#### ABOUT THIS TASK:
Write out all of the data again, precisely as it appears.

#### DATA EXTRACT:

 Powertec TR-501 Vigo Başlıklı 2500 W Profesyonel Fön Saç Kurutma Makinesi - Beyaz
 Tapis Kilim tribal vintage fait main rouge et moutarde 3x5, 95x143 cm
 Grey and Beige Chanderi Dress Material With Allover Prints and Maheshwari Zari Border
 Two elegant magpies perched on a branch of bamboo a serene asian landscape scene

#### SOLUTION FOR THIS TASK:
 Powertec TR-501 Vigo Başlıklı 2500 W Profesyonel Fön Saç Kurutma Makinesi - Beyaz
 Tapis Kilim tribal vintage fait main rouge et moutarde 3x5, 95x143 cm
 Grey and Beige Chanderi Dress Material With Allover Prints and Maheshwari Zari Border
 Two elegant magpies perched on a branch of bamboo a serene asian landscape scene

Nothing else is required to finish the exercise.